Damn, if it looks like that you'll have my money.


----------



## basser (Sep 18, 2015)

this technically classifies as spam but it's actually good haha


----------



## 16gkid (Dec 5, 2012)

basser said:


> this technically classifies as spam but it's actually good haha


If members want to see the content and its only posted once, is it really spam?


----------



## chomps1211 (Mar 30, 2011)

patrickcalderon said:


> Here is a video that proves GimbalCam works great for capturing killer video while snowboarding!


Bullshit!! It's a fake!! That shaky video on the L is crap! I dont have any gimbal & my piss poor GoPro footage isnt anywhere near that shaky. 
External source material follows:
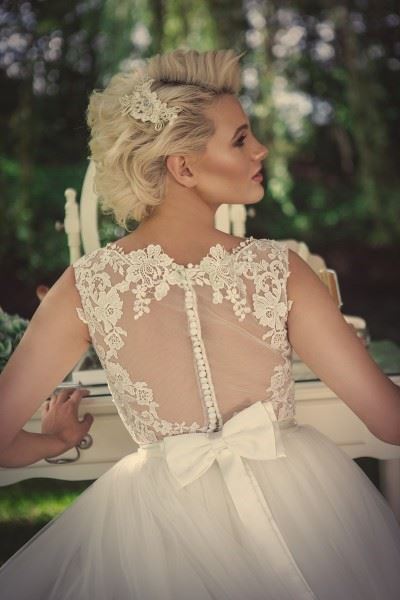Bridebook.co.uk- bridal gown with sheer back and bow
I've got footage every bit as stable as the one on the right without any gimbal. Hell,.. the footage I shot with the GP mounted to my bindings wasn't as bad as that shitty fake on the Left.
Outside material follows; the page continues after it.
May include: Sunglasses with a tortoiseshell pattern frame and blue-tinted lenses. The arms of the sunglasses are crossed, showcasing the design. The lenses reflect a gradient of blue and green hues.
Guy's a Spammer & so is the douche posting sample videos trying to defend him.  :finger1:

-edit-
Look closely,... it's the *exact* same footage for both samples. The one on the L has been cropped a little tighter so the shakes could be added in post! :finger1:
The same dude is skiing in front of him in both samples. So either his "gimbal" magically filmed both shaky & stable footage at the same time? 
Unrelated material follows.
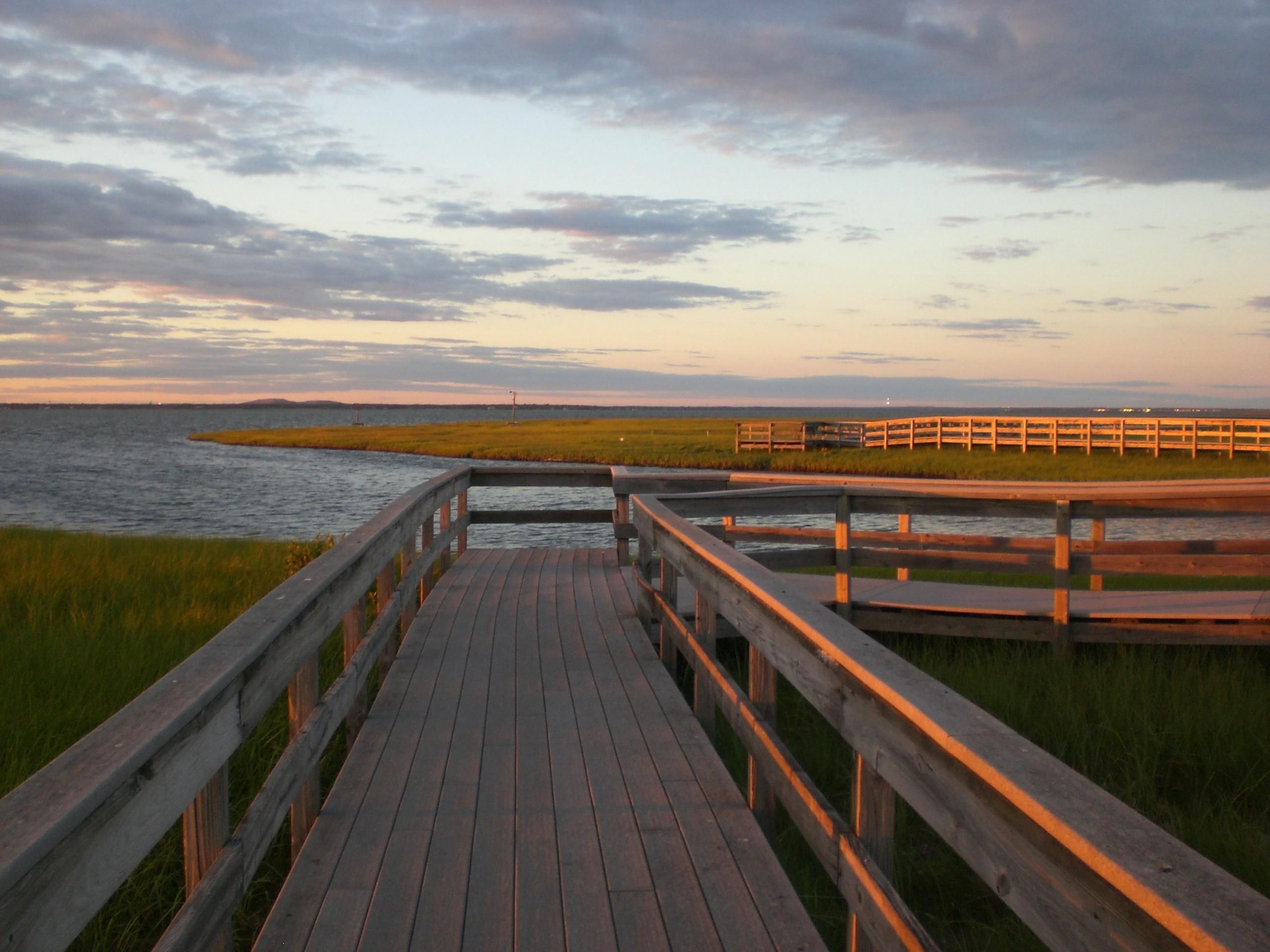 A boardwalk trail welcomes visitors to a salt marsh at Watch Hill.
Save your money fellas,... It's total _BULLSHIT!!! _


----------



## 16gkid (Dec 5, 2012)

chomps1211 said:


> Bullshit!! It's a fake!! That shaky video on the L is crap! I dont have any gimbal & my piss poor GoPro footage isnt anywhere near that shaky.
> 
> I've got footage every bit as stable as the one on the right without any gimbal. Hell,.. the footage I shot with the GP mounted to my bindings wasn't as bad as that shitty fake on the Left.
> 
> ...


I don't even know where to start with this, holy shit do some research before putting out crazy statements like that


----------



## f00bar (Mar 6, 2014)

I kind of assumed they went down like this










I think the lack of nicotine has Chomps extra grumpy.


----------



## chomps1211 (Mar 30, 2011)

16gkid said:


> I don't even know where to start with this, holy shit do some research before putting out crazy statements like that


What did I say that was crazy? 

I stand by what I wrote. (...lack of nicotine not withstanding!) Dudes a Spammer!!!#1 . (...whether or not you like his product doesn't change that.). And Those supposed samples posted by *another* supposed 2nd new member with 1 post? They're bullshit. They're the same footage altered in post processing. (...and probably the exact same guy making both posts!) :blink:

I went to the linked website. Not impressed. A bunch of Short, badly compressed videos. 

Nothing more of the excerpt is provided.